For years, MacDonald volunteered for Big Brothers Big Sisters, a non-profit child mentor program. Two summers ago, during a Wal-Mart run to buy his “little brother” shoes, he pondered: Why aren’t more people donating on cell phones?
MacDonald, then a University at Albany student, set out to start an app that would allow users to support specific community members through select charities. In pursuit of transparency, he envisioned the app to keep donors connected with donees.
“If I just gave $100 to a homeless person and they now have their own apartment and are doing well, that’s the kind of information I think is valuable to a donor,” he said.
This wasn’t his first dream app. Fascinated with mobile technology after Yik Yak launched two years prior, MacDonald was initially interested in developing an anonymous photo sharing app, Razly.
However, MacDonald faced two barriers with GivDapps: he knew little about nonprofits and marketing. Looking to build GivDapps, he would spend much of his time working to fill learning gaps.

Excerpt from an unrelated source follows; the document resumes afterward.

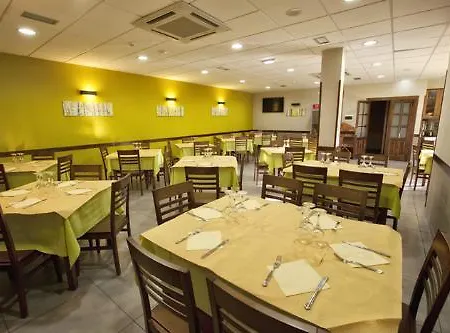 Hotel Santa Cruz 3*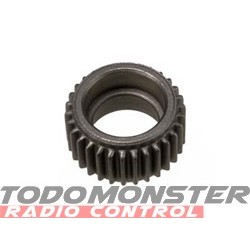 Traxxas Idler Gear Steel 30T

At the time, GivDapps was failing to attract nonprofit partnerships. Nonprofits were hostile towards the app at first, fearing that they would lose money off of donations, MacDonald said. As a result, GivDapps’ rebranded their nonprofit outreach to highlight marketing and data collecting incentives.
“I was thinking in my head, ‘Of course nonprofits would be interested,’” he said. “And it turns out that I had to market myself very differently because they thought of me almost as competition.”
GivDapps began to make headway in January of last year, a result of the Blackstone Launchpad’s opening, MacDonald recalled. Prior to Blackstone, he mostly worked on GivDapps alone.
“The Blackstone thing kind of changed everything,” he said. “They brought together all of these minds that were just focused on what might be a good idea and what could be a bad idea.”
After Blackstone, MacDonald started running GivDapps out of a Troy office. At the time, GivDapps started to build its current list of partnerships (General Albany Fund, Four Mile Smile, and Joseph’s House).
Further ahead, MacDonald anticipates GivDapps to eventually expand to Schenectady and Saratoga Springs. With a greater reach, he plans to start marketing the app to fraternities and sororities across the Capital Region.
MacDonald has yet to profit off GivDapps. In an effort to make ends meet, he works for Ripe, a New York City-based restaurant app. Looking to meet goals, MacDonald works shifts back and forth between both start-ups as long as 12 hours.
“My intention is to really get this going,” he said. “Like I tell everybody on the team: I won’t get paid until everybody else gets paid.”